Borego's Doc A. A. Beatty says the way to tell if a man is lying is to watch and see if his lips move. If they do, he is.
Way to stop wars is to quit lending money to other nations. That's the way I got Dry Camp Blackie to stop drinking.
I asked a very old whiskered prospector how he accounted for his longevity an' he says, "I never shave, just let 'em grow."
With sand as far as the eye can see my youngest grandchild nagged me for a sand-box till she got one. (It has no bottom.) Mirages are like women strictly unpredictable they always look inviting, cool, and attractive but you can't pin one down.
Old Dry Wash Smith will be eighty-three years old in July. He says he'd be eighty-five, but he was in jail for two years in Carson City, Nevada.
I like to do business with smart people.

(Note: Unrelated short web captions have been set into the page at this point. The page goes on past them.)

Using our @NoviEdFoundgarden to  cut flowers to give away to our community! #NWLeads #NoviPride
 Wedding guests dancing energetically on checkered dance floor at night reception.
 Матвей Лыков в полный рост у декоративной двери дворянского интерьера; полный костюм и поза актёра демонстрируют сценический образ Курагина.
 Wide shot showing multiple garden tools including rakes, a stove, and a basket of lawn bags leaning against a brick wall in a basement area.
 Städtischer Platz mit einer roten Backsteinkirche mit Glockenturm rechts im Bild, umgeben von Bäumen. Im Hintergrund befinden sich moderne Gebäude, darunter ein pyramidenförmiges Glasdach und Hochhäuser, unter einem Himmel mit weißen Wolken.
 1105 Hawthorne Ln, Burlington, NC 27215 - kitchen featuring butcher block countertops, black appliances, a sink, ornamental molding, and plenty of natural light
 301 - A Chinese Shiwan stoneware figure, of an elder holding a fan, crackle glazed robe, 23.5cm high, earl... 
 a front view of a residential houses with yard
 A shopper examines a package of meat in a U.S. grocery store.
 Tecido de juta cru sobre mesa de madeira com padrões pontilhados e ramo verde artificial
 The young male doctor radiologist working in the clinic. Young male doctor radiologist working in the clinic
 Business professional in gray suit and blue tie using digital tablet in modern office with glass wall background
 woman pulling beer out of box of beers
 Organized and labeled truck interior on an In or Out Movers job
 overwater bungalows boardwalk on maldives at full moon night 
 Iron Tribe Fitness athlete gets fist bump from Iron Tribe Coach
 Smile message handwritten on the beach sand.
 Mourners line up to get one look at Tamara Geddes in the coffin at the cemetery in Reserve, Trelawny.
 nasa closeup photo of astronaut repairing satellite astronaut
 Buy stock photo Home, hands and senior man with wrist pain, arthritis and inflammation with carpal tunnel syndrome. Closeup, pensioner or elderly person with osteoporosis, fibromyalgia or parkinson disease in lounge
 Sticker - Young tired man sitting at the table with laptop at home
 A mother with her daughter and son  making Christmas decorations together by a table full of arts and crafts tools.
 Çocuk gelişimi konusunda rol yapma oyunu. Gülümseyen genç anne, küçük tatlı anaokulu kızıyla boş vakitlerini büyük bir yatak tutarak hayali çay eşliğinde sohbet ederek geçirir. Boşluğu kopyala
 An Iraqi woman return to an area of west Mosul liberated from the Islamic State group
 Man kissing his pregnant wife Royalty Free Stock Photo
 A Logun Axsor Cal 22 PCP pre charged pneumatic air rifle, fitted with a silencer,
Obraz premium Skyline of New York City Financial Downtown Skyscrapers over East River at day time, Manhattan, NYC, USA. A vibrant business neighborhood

My claim in California is not so big on top but the man told me it goes straight down for four thousand miles.
One of the greatest labor saving devices today is manana.
The wildflowers at Ft. Oliver were so thick this spring you could hardly see the discarded beer cans.
Last year about this time rain came but nary a drop hit the ground turned into steam like spittin' into a blast furnace.
I do not ask the public to do anything that I was not willing to do myself. I have read this paper from start to finish and so did the proofreader (I hope).